One pre-requisite to resilience is to still have access to the definition of every computation after a failure. One approach is to keep replicas (copies of definitions) of each computation on different agents. Provided that k replicas are placed on k different agents, no matter the subset of up to k agents that fails there will always be at least one replica left after the failure. This approach is classically found in distributed database systems

The ideal placement of these replicas is far from trivial and is an optimization problem in itself, which depends strongly on the nature of the real problem solved by the DCOP. See [RPR18] for an example.

pyDCOP currently proposes one distributed replication algorithm, called DRPM, which is a distributed version of iterative lengthening (uniform cost search based on path costs).

Distribution reparation

Given a mechanism to replicate computations, the DCOP distribution can be repaired when an agents fails or is removed from the system. This reparation process must decide which agent will host the orphaned computations (aka the computations that were hosted on the departed agent) and should ideally be decentralized.

Here again, several approach can be designed to handle such reparation, like those presented in [RPR17] and [RPR18], which are currently implemented in pyDCOP.

DCOP algorithm Implementation

Note: This document build upon the tutorial Implementing a DCOP algorithm, you should follow it before reading this.

By providing all the infrastructure, pyDCOP makes it easier to implement a new DCOP algorithm ; you only have one python module to implement, with only one mandatory class.

To implement an algorithm you must:

• create a python module

• define one or several Message

• implement your logic in one or several DcopComputation class

Optionally, you may also

• declare the algorithm’s parameters

• implement some other methods used for some distribution methods

Module

An algorithm must be defined in it’s own module in pydcop.algorithms. For example, dsa is implemented in the module pydcop.algorithms.dsa. The name of the module is the name you will use when running your algorithm with the pydcop command line interface (-a or --algo parameter). For example, for a new algorithm named my_algorithm, you simply create a file my_algorithm.py in pydcop/algorithms. You will then be able to use this algorithm to solve a DCOP with the following command:

pydcop solve --algo my_algorithm [...]

The module of your algorithm must also have an attribute named GRAPH_TYPE which contains the name of the computation graph type used. Available computation graph types are 'factor_graph', 'pseudo_tree' and 'constraints_hypergraph', other could be defined in the future.

For example, in dsa.py:

GRAPH_TYPE = 'constraints_hypergraph'

Messages

DCOP algorithms are message passing algorithms: they work by sending messages to each other. You must define the message(s) used by your algorithm. The easiest approach is to use the message_type() class factory method to define your message(s).

For example, the following will define a message type MyMessage, with two fields foo and bar:

MyMessage = message_type('MyMessage', ['foo', 'bar'])
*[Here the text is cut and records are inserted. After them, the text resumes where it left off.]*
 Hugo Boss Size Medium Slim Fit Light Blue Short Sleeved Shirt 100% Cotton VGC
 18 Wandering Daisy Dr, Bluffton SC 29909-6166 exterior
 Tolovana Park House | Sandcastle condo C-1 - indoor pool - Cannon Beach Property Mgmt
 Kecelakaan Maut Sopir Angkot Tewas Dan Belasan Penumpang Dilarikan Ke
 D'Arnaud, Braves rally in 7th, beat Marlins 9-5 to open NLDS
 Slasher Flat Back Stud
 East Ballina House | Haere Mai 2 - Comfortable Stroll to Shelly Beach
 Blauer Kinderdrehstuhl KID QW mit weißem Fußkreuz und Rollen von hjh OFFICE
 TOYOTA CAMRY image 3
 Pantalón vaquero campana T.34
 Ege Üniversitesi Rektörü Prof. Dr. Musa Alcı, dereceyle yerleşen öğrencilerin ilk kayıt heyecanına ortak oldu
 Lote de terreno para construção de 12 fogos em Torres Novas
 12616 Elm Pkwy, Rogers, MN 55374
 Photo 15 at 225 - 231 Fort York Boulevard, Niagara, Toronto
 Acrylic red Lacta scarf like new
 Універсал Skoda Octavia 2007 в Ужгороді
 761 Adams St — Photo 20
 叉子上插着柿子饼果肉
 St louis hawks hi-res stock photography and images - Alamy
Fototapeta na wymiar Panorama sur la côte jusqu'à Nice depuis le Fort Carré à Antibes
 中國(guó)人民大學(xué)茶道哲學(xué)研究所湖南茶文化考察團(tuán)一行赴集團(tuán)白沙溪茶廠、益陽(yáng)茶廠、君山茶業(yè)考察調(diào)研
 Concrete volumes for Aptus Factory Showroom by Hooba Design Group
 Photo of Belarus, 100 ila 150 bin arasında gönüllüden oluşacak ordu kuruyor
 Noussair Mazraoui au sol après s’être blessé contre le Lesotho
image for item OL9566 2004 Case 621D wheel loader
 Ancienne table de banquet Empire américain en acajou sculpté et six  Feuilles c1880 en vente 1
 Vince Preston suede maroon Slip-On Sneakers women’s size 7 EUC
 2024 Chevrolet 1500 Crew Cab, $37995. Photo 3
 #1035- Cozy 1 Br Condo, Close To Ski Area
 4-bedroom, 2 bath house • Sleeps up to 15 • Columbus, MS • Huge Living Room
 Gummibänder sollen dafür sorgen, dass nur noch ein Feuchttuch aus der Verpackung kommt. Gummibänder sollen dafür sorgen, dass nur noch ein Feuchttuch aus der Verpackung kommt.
You can then use MyMessage like any class:

>>> msg = MyMessage(foo=42, bar=21)
>>> msg.foo
42
>>> msg.type
'MyMessage'

You can also subclass pydcop.infrastructure.computations.Message, which is more verbose but can be convenient if you want to use python’s type annotations:

class MyMessage(Message):
    def __init__(self, foot: int, bar; float):
    super().__init__('my_message', None)
    self._foo = foo
    self._bar = bar

    @property
    def foo(self) -> int:
        return self._foo

    @property
    def bar(self) -> float:
        return self._bar

In any case, your messages must use the pydcop.utils.simple_repr.SimpleRepr mixin (Message already extends it) for your message to be serializable. When subclassing Message or using message_type() this is done automatically. This is necessary when running the agents in different processes, as messages will be sent over the network.

Computation

An algorithms consists in one or several DcopComputation class. Most algorithms have one single type of computation, which is responsible for selecting the value for a single variable. In this case you must subclass VariableComputation, which provides some convenient methods for value selection.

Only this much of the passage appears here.